Radarwarga.id – Portal Berita Warga dan Informasi Terpopuler – 09 Juni 2026 | Penundaan pembelian batu bara oleh importir Cina memiliki dampak signifikan terhadap harga saham beberapa emiten batu bara di Indonesia. Indo Tambangraya Megah (ITMG), PT Adaro Andalan Indonesia Tbk (AADI), dan PT Golden Energy Mines Tbk (GEMS) merupakan beberapa emiten batu bara yang terkena dampak penundaan pembelian batu bara oleh Cina.
ITMG juga terkena dampak penundaan pembelian batu bara oleh Cina. Cina merupakan negara tujuan ekspor terbesar ITMG, mencapai US$ 562,27 juta dari total pendapatan sebesar US$ 1,88 miliar pada 2025. GEMS menjadikan Cina sebagai negara tujuan ekspor batu bara terbesar dengan nilai pendapatan sebesar US$ 1,21 miliar dari total pendapatan perseroan sebesar US$ 2,41 miliar.
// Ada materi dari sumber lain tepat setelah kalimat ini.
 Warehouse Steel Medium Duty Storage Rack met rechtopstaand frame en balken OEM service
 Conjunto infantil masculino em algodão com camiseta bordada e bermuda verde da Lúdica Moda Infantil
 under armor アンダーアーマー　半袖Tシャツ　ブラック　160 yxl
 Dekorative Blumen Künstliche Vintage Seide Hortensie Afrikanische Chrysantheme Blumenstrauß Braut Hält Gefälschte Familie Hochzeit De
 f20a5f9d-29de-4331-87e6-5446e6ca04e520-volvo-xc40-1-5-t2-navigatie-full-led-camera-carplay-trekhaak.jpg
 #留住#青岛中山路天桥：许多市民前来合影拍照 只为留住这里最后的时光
Penundaan pembelian batu bara oleh importir Cina ini menyebabkan harga saham beberapa emiten batu bara tersebut melemah. Harga saham AADI sempat tertekan ke Rp 7.875 sebelumnya akhirnya ditutup hijau di 8.025. Saham ITMG sempat terkoreksi 0,34% ke Rp 21.975 sebelum ditutup mendatang. Adapun GEMS anjlok 8,42% ke Rp 6.250 per saham.
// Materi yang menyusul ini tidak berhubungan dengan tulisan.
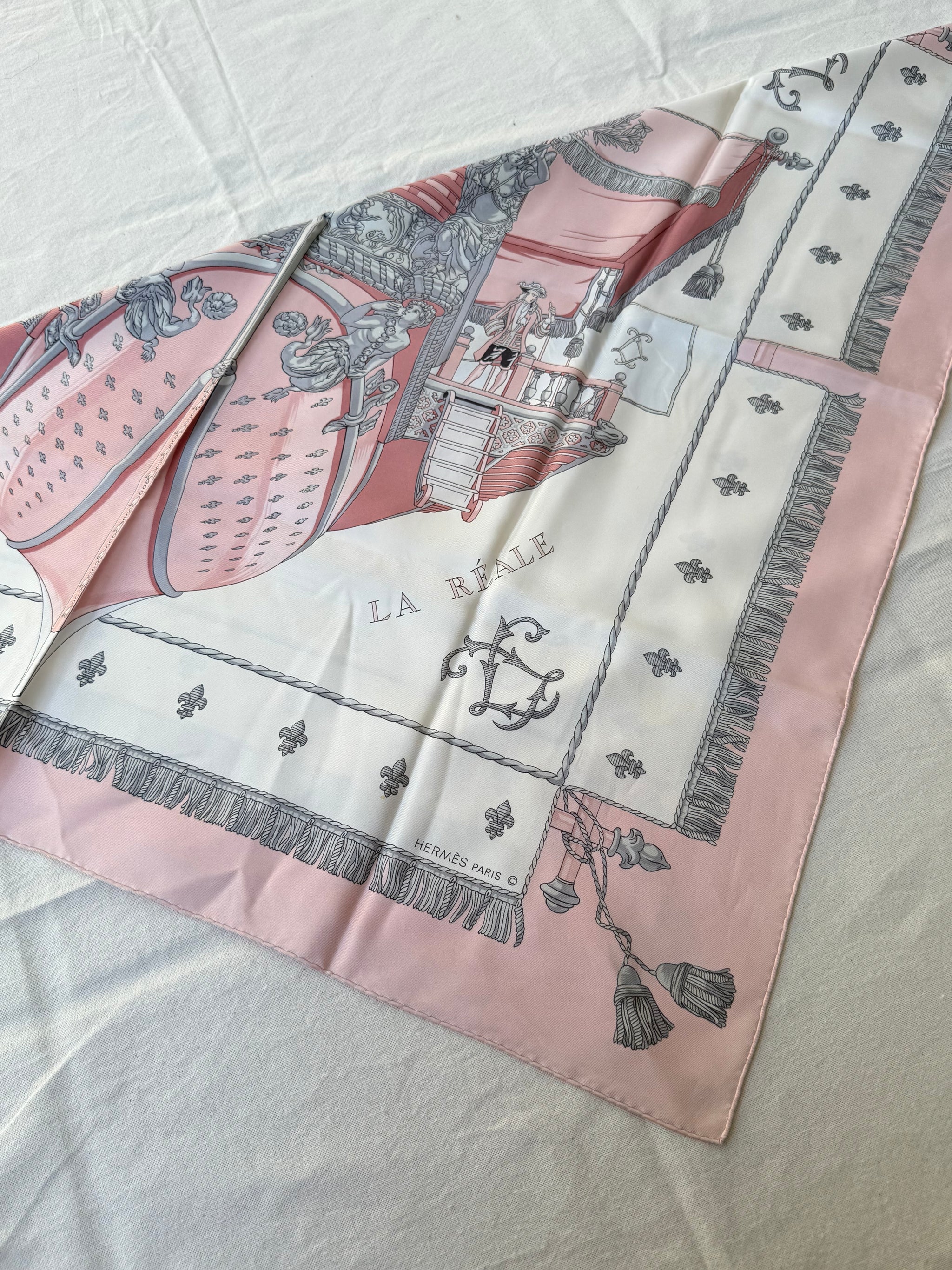 Foulard Hermès – Modèle Vue du Carrosse de la Galère La Réale
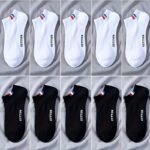 10 Pairs Men'S Athletic Crew Socks - Breathable Moisture-Wicking Polyester-Spandex Blend, Elastic Ribbed Cuff With Letter Design, Black & White Color Options, Machine Washable For Sports & Casual Wear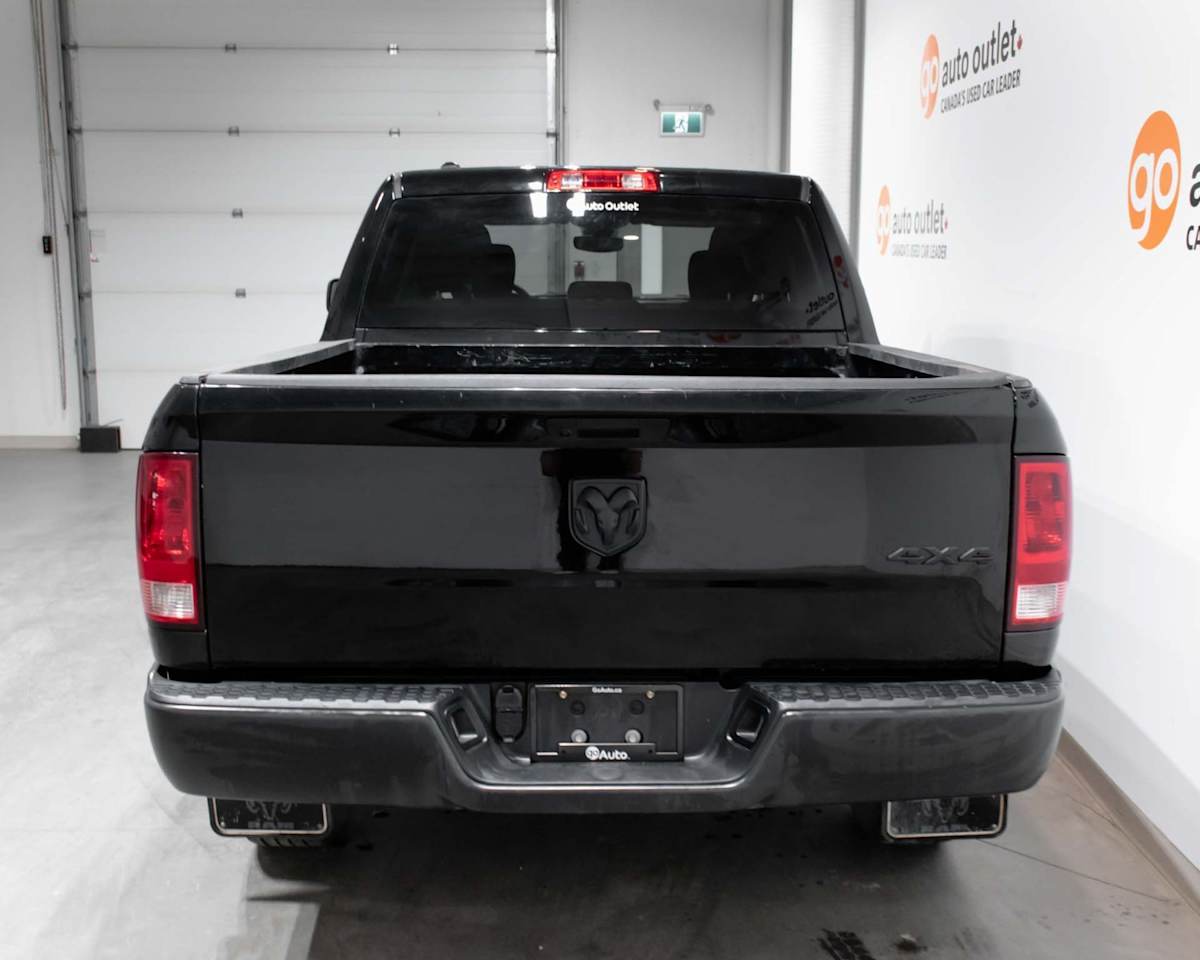 2023 Ram 1500 Classic Tradesman — photo 8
Indeks Harga Saham Gabungan (IHSG) juga terkena dampak penundaan pembelian batu bara oleh Cina. IHSG ditutup melemah 254,36 poin atau sebesar 4,11% ke level 5.941,07 pada penutupan perdagangan.
Dampak penundaan pembelian batu bara oleh importir Cina ini menimbulkan kekhawatiran bagi para investor dan pelaku industri batu bara di Indonesia. Oleh karena itu, perlu dilakukan analisis dan evaluasi yang lebih lanjut untuk mengetahui seberapa besar dampak penundaan pembelian batu bara oleh Cina terhadap emiten batu bara di Indonesia.
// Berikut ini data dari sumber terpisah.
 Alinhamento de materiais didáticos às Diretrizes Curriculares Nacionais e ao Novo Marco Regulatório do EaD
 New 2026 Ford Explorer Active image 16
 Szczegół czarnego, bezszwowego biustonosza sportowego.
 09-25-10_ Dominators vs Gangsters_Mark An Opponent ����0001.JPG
Penundaan pembelian batu bara oleh Cina juga memiliki dampak terhadap perekonomian Indonesia. Sebagai salah satu negara pengekspor batu bara terbesar di dunia, Indonesia sangat bergantung pada ekspor batu bara untuk mendapatkan devisa. Oleh karena itu, penundaan pembelian batu bara oleh Cina dapat menyebabkan kerugian bagi perekonomian Indonesia.
Oleh karena itu, perlu dilakukan upaya untuk meningkatkan ekspor batu bara ke negara-negara lain dan meningkatkan produksi batu bara di dalam negeri. Selain itu, perlu dilakukan diversifikasi ekonomi untuk mengurangi ketergantungan pada ekspor batu bara.
Dalam jangka panjang, penundaan pembelian batu bara oleh Cina dapat menjadi kesempatan bagi Indonesia untuk meningkatkan produksi batu bara di dalam negeri dan meningkatkan ekspor batu bara ke negara-negara lain. Namun, perlu dilakukan upaya yang serius dan terstruktur untuk mencapai tujuan tersebut.
Penundaan pembelian batu bara oleh importir Cina memiliki dampak yang signifikan terhadap harga saham beberapa emiten batu bara di Indonesia, termasuk ITMG, AADI, dan GEMS. Hal ini juga mempengaruhi IHSG yang ditutup melemah. Oleh karena itu, perlu dilakukan analisis dan evaluasi yang lebih lanjut untuk mengetahui seberapa besar dampak penundaan pembelian batu bara oleh Cina terhadap emiten batu bara di Indonesia.